> **REQUIRED WORK**
Return every line of the data below, exactly.
-------- EXERCISE INPUTS
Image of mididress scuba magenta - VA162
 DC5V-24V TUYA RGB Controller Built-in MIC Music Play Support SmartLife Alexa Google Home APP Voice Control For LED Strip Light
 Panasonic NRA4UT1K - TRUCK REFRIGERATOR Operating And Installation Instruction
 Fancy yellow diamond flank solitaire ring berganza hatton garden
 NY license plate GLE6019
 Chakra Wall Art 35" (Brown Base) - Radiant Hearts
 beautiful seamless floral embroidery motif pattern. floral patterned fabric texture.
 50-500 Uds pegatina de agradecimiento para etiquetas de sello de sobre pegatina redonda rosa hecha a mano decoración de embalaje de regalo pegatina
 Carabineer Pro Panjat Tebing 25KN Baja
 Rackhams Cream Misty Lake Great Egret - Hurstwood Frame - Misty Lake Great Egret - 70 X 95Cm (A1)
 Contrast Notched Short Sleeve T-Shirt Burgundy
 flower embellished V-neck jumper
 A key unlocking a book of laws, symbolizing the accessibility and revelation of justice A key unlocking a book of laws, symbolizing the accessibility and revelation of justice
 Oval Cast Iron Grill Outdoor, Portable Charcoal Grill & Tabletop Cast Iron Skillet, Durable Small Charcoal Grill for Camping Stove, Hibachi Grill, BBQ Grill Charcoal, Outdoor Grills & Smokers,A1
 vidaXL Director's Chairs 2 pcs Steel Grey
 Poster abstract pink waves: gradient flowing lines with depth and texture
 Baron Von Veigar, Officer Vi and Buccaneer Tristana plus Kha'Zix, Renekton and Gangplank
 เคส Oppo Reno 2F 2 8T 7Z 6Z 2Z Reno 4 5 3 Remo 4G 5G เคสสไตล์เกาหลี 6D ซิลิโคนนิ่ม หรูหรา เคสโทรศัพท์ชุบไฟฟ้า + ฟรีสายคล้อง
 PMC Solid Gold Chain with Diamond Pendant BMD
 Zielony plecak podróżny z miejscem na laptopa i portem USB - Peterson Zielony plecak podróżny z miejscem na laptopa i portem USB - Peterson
----------------
> **RESPONSE TO THE TASK**
Image of mididress scuba magenta - VA162
 DC5V-24V TUYA RGB Controller Built-in MIC Music Play Support SmartLife Alexa Google Home APP Voice Control For LED Strip Light
 Panasonic NRA4UT1K - TRUCK REFRIGERATOR Operating And Installation Instruction
 Fancy yellow diamond flank solitaire ring berganza hatton garden
 NY license plate GLE6019
 Chakra Wall Art 35" (Brown Base) - Radiant Hearts
 beautiful seamless floral embroidery motif pattern. floral patterned fabric texture.
 50-500 Uds pegatina de agradecimiento para etiquetas de sello de sobre pegatina redonda rosa hecha a mano decoración de embalaje de regalo pegatina
 Carabineer Pro Panjat Tebing 25KN Baja
 Rackhams Cream Misty Lake Great Egret - Hurstwood Frame - Misty Lake Great Egret - 70 X 95Cm (A1)
 Contrast Notched Short Sleeve T-Shirt Burgundy
 flower embellished V-neck jumper
 A key unlocking a book of laws, symbolizing the accessibility and revelation of justice A key unlocking a book of laws, symbolizing the accessibility and revelation of justice
 Oval Cast Iron Grill Outdoor, Portable Charcoal Grill & Tabletop Cast Iron Skillet, Durable Small Charcoal Grill for Camping Stove, Hibachi Grill, BBQ Grill Charcoal, Outdoor Grills & Smokers,A1
 vidaXL Director's Chairs 2 pcs Steel Grey
 Poster abstract pink waves: gradient flowing lines with depth and texture
 Baron Von Veigar, Officer Vi and Buccaneer Tristana plus Kha'Zix, Renekton and Gangplank
 เคส Oppo Reno 2F 2 8T 7Z 6Z 2Z Reno 4 5 3 Remo 4G 5G เคสสไตล์เกาหลี 6D ซิลิโคนนิ่ม หรูหรา เคสโทรศัพท์ชุบไฟฟ้า + ฟรีสายคล้อง
 PMC Solid Gold Chain with Diamond Pendant BMD
 Zielony plecak podróżny z miejscem na laptopa i portem USB - Peterson Zielony plecak podróżny z miejscem na laptopa i portem USB - Peterson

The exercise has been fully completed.